* **TASK DIRECTIONS**: Check every line of the data and copy the ones where "online" appears.

* **DATA FOR PROCESSING**:
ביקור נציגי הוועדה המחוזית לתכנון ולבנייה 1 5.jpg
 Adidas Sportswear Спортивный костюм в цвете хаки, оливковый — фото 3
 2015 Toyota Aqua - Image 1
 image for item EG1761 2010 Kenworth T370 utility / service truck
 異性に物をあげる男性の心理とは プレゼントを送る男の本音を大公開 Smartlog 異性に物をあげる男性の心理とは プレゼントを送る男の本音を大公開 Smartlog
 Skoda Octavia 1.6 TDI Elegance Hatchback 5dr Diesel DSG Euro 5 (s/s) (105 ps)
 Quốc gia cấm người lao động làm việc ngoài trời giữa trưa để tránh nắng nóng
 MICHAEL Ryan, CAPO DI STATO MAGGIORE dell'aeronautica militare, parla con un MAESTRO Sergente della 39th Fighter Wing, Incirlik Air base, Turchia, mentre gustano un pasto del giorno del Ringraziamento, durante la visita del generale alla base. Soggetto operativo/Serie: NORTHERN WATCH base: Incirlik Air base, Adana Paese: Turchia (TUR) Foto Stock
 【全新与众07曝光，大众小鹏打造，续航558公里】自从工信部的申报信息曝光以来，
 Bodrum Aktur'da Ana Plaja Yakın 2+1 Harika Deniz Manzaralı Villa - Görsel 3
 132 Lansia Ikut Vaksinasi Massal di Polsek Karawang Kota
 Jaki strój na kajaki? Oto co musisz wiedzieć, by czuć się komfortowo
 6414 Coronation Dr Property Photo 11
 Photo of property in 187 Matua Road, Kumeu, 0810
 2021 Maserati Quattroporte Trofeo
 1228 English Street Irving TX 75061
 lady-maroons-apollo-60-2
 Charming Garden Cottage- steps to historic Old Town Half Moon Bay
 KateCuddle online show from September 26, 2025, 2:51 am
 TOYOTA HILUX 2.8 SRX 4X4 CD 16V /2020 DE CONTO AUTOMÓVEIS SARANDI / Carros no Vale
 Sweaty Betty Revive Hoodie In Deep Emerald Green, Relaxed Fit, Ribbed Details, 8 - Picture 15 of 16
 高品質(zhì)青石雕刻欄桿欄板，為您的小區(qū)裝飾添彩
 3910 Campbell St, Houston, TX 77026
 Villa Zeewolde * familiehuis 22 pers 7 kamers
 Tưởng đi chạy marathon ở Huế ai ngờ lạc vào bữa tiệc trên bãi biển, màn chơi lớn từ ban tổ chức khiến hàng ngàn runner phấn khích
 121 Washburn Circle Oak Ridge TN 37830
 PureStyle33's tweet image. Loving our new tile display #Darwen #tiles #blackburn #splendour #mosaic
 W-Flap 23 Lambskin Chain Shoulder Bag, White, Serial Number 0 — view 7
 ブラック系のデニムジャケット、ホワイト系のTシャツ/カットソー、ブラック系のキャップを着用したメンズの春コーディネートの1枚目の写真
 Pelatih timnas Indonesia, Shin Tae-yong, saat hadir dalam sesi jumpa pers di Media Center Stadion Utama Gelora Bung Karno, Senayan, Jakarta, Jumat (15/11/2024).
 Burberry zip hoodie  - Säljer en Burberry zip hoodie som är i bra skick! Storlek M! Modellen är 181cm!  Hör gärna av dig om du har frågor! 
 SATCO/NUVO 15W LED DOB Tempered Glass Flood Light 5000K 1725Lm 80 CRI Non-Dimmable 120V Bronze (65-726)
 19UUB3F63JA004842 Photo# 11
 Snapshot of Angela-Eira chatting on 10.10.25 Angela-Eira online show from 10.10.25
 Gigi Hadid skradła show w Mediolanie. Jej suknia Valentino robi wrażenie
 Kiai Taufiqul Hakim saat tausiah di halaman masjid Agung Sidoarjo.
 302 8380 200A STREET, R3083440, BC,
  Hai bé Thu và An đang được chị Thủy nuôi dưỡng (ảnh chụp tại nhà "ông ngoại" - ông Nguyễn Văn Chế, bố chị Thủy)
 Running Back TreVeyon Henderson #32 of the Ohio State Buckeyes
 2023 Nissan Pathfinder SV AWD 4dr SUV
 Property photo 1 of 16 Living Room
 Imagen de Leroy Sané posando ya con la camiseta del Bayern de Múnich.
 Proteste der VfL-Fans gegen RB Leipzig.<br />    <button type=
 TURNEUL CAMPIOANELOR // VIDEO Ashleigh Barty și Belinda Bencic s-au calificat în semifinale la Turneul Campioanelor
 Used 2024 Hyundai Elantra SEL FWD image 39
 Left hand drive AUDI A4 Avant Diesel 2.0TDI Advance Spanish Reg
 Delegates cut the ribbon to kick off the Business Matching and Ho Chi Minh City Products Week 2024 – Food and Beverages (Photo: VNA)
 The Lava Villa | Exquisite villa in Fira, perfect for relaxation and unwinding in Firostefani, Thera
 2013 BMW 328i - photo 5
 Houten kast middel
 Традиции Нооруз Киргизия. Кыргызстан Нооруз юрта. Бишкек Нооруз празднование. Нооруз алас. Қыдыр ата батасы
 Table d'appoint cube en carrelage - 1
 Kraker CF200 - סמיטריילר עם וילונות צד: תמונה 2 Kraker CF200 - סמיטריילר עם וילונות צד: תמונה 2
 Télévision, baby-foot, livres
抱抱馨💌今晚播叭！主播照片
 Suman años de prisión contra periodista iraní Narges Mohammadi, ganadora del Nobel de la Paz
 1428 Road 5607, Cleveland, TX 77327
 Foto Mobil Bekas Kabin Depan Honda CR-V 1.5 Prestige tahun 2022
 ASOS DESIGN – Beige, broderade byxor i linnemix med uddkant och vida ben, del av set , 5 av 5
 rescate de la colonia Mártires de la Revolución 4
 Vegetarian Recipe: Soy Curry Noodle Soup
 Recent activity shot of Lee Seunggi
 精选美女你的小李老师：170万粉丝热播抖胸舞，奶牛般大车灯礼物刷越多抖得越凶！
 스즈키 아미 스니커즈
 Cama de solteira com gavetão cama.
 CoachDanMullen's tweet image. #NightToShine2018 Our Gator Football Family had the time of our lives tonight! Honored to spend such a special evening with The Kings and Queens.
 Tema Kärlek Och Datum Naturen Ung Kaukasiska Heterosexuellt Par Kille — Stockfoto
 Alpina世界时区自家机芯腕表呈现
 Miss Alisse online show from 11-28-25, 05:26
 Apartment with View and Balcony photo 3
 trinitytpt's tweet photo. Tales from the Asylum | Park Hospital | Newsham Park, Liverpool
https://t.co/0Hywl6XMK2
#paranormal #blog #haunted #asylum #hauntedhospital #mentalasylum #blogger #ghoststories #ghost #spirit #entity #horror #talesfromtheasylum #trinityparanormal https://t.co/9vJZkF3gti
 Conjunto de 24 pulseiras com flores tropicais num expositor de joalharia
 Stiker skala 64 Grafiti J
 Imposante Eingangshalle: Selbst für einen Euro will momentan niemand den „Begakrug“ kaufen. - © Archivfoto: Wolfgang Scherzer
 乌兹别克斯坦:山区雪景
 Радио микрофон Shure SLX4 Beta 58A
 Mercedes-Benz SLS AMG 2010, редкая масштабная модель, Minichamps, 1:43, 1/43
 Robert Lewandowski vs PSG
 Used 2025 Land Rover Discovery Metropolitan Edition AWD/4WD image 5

* **ANSWER SPACE**:
 KateCuddle online show from September 26, 2025, 2:51 am
 Snapshot of Angela-Eira chatting on 10.10.25 Angela-Eira online show from 10.10.25
 Miss Alisse online show from 11-28-25, 05:26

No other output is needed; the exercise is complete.